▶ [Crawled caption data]
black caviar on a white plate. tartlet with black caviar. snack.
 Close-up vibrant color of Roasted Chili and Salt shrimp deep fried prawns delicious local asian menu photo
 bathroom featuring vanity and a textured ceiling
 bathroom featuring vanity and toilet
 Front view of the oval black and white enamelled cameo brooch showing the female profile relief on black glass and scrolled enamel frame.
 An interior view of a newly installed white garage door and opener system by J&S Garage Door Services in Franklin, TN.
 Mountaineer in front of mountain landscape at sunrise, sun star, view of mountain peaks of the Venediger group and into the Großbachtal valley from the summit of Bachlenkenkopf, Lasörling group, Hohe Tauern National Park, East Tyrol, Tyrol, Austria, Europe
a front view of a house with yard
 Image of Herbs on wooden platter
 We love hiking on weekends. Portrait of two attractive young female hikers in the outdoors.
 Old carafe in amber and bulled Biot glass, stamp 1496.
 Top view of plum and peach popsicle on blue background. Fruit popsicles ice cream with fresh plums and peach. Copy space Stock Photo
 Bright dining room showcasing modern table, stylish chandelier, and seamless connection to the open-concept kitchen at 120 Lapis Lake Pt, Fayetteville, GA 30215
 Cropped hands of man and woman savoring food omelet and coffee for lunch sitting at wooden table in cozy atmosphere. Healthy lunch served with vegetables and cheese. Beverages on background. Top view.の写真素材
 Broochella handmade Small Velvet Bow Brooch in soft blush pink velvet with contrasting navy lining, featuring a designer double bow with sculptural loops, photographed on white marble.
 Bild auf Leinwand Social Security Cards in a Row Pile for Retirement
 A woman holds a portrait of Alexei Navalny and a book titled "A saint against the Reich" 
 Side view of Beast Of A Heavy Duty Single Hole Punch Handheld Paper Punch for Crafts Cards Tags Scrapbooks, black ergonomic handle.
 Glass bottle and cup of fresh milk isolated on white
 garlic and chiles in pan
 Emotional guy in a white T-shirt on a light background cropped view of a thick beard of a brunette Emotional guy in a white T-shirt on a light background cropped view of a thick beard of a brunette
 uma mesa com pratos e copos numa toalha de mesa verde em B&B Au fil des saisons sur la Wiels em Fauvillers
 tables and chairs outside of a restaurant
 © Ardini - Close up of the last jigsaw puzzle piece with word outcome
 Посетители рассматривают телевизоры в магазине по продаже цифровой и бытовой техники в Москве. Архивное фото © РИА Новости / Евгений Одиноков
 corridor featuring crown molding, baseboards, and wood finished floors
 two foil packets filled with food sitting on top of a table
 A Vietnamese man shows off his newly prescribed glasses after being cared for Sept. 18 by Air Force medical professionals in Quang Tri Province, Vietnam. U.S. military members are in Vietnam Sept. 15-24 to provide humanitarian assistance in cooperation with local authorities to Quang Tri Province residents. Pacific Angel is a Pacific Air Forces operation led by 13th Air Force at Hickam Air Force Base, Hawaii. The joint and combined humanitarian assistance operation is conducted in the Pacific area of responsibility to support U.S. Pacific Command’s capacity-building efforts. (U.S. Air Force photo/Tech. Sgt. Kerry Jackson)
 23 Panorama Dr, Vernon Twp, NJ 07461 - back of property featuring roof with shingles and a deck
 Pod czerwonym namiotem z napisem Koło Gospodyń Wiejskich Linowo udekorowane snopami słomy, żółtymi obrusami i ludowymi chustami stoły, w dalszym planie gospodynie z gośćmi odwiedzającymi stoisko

▶ [PROBLEM TO WORK ON] What must be returned is the line with "Broochella handmade Small" plus every line after it to the end of the entries, exactly as they appear.

▶ [ANSWER SECTION]
 Broochella handmade Small Velvet Bow Brooch in soft blush pink velvet with contrasting navy lining, featuring a designer double bow with sculptural loops, photographed on white marble.
 Bild auf Leinwand Social Security Cards in a Row Pile for Retirement
 A woman holds a portrait of Alexei Navalny and a book titled "A saint against the Reich" 
 Side view of Beast Of A Heavy Duty Single Hole Punch Handheld Paper Punch for Crafts Cards Tags Scrapbooks, black ergonomic handle.
 Glass bottle and cup of fresh milk isolated on white
 garlic and chiles in pan
 Emotional guy in a white T-shirt on a light background cropped view of a thick beard of a brunette Emotional guy in a white T-shirt on a light background cropped view of a thick beard of a brunette
 uma mesa com pratos e copos numa toalha de mesa verde em B&B Au fil des saisons sur la Wiels em Fauvillers
 tables and chairs outside of a restaurant
 © Ardini - Close up of the last jigsaw puzzle piece with word outcome
 Посетители рассматривают телевизоры в магазине по продаже цифровой и бытовой техники в Москве. Архивное фото © РИА Новости / Евгений Одиноков
 corridor featuring crown molding, baseboards, and wood finished floors
 two foil packets filled with food sitting on top of a table
 A Vietnamese man shows off his newly prescribed glasses after being cared for Sept. 18 by Air Force medical professionals in Quang Tri Province, Vietnam. U.S. military members are in Vietnam Sept. 15-24 to provide humanitarian assistance in cooperation with local authorities to Quang Tri Province residents. Pacific Angel is a Pacific Air Forces operation led by 13th Air Force at Hickam Air Force Base, Hawaii. The joint and combined humanitarian assistance operation is conducted in the Pacific area of responsibility to support U.S. Pacific Command’s capacity-building efforts. (U.S. Air Force photo/Tech. Sgt. Kerry Jackson)
 23 Panorama Dr, Vernon Twp, NJ 07461 - back of property featuring roof with shingles and a deck
 Pod czerwonym namiotem z napisem Koło Gospodyń Wiejskich Linowo udekorowane snopami słomy, żółtymi obrusami i ludowymi chustami stoły, w dalszym planie gospodynie z gośćmi odwiedzającymi stoisko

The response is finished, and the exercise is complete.